I started to find ways to cope with the stress, ways to not let my anxiety completely control every aspect of my day. I find comfort in taking time to just lie in my bed and turn off all the lights and just watch a TV show or listen to music. I have found the importance of communication with the people I love the most. Something as little as a five-minute FaceTime with my best friend from home or calling my parents helped me feel like a piece of home was with me. My close friends here have picked up on when I’m feeling anxious and just need space. A lot of the time when my social clock has run out, I don’t feel ashamed to leave where I am to just destress and relax in the comfort of my own room.

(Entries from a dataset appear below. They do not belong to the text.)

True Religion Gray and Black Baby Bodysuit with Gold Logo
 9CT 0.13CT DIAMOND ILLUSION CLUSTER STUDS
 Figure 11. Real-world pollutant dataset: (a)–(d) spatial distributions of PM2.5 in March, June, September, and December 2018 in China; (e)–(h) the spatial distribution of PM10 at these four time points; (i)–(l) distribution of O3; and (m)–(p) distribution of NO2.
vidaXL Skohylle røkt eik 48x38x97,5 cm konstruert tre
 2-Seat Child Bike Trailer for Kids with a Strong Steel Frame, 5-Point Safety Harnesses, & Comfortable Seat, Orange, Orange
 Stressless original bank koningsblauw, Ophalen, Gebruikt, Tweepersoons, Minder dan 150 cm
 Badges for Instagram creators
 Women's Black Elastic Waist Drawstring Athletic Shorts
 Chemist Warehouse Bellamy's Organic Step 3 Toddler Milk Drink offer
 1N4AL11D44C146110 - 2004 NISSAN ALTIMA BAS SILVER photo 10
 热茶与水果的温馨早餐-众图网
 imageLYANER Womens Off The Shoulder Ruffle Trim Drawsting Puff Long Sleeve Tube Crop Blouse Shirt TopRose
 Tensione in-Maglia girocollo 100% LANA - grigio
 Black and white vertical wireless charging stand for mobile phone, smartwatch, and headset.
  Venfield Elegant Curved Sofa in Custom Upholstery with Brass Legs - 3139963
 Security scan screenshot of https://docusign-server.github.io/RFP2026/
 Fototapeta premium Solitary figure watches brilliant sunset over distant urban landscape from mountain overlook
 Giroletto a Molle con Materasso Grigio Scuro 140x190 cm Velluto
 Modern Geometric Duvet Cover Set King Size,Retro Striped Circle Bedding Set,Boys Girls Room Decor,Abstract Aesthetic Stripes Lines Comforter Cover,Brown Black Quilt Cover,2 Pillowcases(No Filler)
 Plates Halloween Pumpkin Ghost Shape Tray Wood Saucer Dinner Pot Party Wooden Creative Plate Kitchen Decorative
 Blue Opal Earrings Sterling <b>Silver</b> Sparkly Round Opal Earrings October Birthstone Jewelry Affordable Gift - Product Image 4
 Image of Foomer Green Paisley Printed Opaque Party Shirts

Sometimes, it can be too much. Between seeing your friends every second of the day to doing school work, it’s important to listen to your mind when you feel like you need a break from it all.

What a lot of people — especially first-years — don’t realize is that there’s no blueprint for college. There is not a designed path that you need to take. Navigating college during these times is a new and unpaved path for everyone, and we need to be a little nicer on ourselves for our own journey through this. The transition to college, especially during a pandemic, hasn’t been easy — it’s actually been a lot harder than I initially anticipated, which has taken a toll on my mental health. Tack on a pandemic to social and academic stress, and you’ve got a recipe for disaster if you aren’t careful. I have to learn when to take a break and let my mind rest — that not everything needs a reaction, and my path is going to be different than anyone else’s.

It’s OK to have days where you lie in bed and do nothing. It’s okay to have days where the only thing you did was take a shower. We are here and trying our best everyday with what we are given. Everyday looks different than the next.